My mom and a couple of her silly grandchildren getting ready to celebrate her birthday.

As an adult I've come to appreciate the wisdom of my mom's simple proverb. From personal experience, I know that if somebody hurts me and I strike back in anger, things will only get worse. I must confess that I've probably done this a hundred times in the last ten years. One of my favorites happened in a meeting of the board of elders of my church. An elder made a suggestion that I found personally offensive (though he didn't mean it that way). Without even thinking I shot back, "Over my dead body will that happen!" Now, of course, it was his turn to be offended. But this man, obviously having internalized my mother's advice better than I had, responded by apologizing for having offended me. I quickly backed down, feeling rather like a fool.

As I watch Christians going through conflict, both in my church and in others, I'm amazed at how often godly, mature people respond to wrongdoing in another by doing wrong themselves. Sometimes this happens in a flash of anger, which is understandable though unacceptable. But sometimes people choose quite intentionally to do wrong to those who have wronged them. It always amazes me, but it's true.

For example, a couple of years ago leaders in one of my ministries were struggling with disagreement over a strategic plan. One man I'll call "Jim" said something that seemed to impugn the integrity of another man I'll call "Andy." Andy, incensed and embarrassed, sent Jim a scorching e-mail, copying me and several others in the process. Andy's note was so obviously inconsistent with Christian kindness that I was shocked, not only that he would act this way, but also that he would actually send a copy of his literary sin to me and several others. But Andy didn't see his behavior this way. He viewed his harshness as necessary and consistent with the way Jim had treated him. It was consistent with Jim's initial offense, but that was exactly the problem. Rather than speaking the truth in love, Andy had chosen to fight fire with fire, or more literally, to fight sin with sin. Not a good idea.
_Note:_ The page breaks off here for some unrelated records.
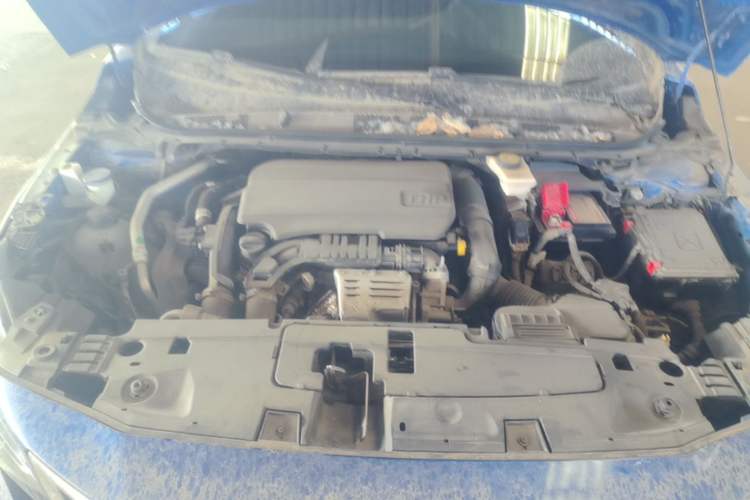 Used Peugeot 408 2019 230THP Automatic Luxury Edition China V Standard Engine Bay
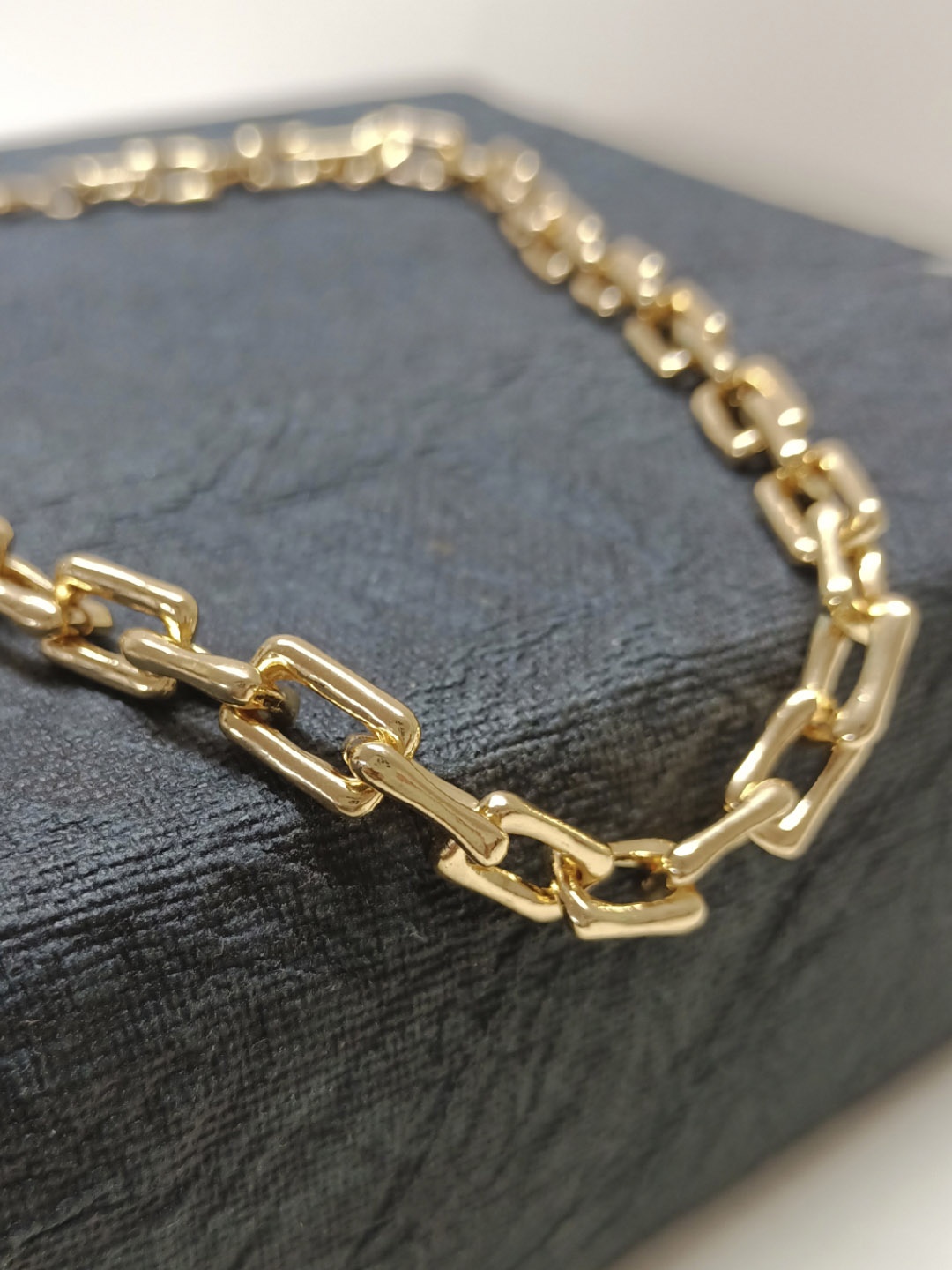 

OOMPH Gold-Toned Choker Necklace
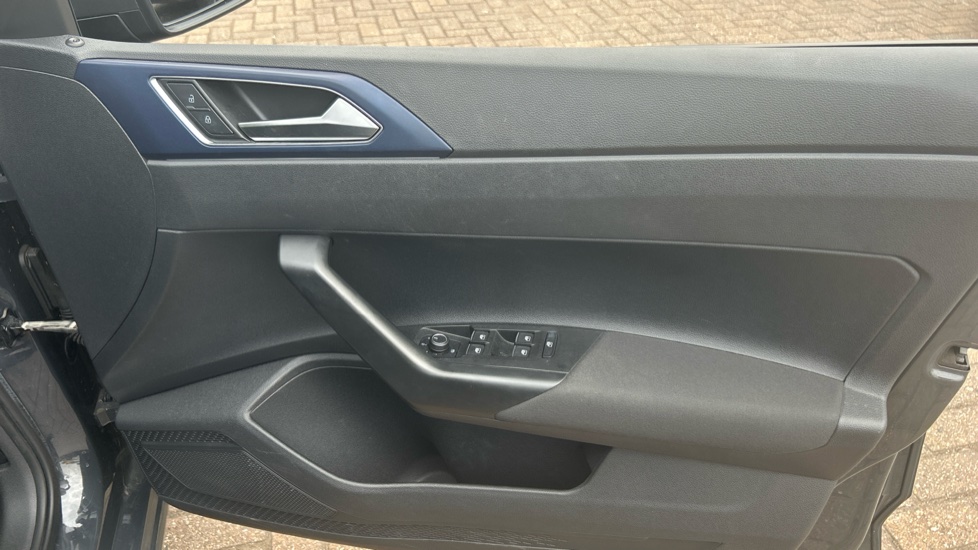Volkswagen Polo 1.0 EVO 80 United 5dr Petrol Hatchback - Image 19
Just ask my mother. (Of course if you don't believe her, you could ask Jesus, who told us to do things like turn the other cheek and walk the second mile.)

All of this is easy to say when you're sitting on the sidelines. But when you're in the heat of conflict, it's terribly easy to give in to the fallen desire for revenge. Rather than taking the high road, we get down in the gutter with the one who has wronged us. Then when everything is worse, when we're all muddy and dirty, we wonder what went wrong. Again, I speak from personal experience.

So if when you find yourself in conflict with another person, and especially if that person takes a shot at you, I'd urge you to remember my mother's wisdom: "Two wrongs don't make a right." Even though you've been wronged, choose to do what is right in the eyes of the Lord. You'll be glad you did, and so will He.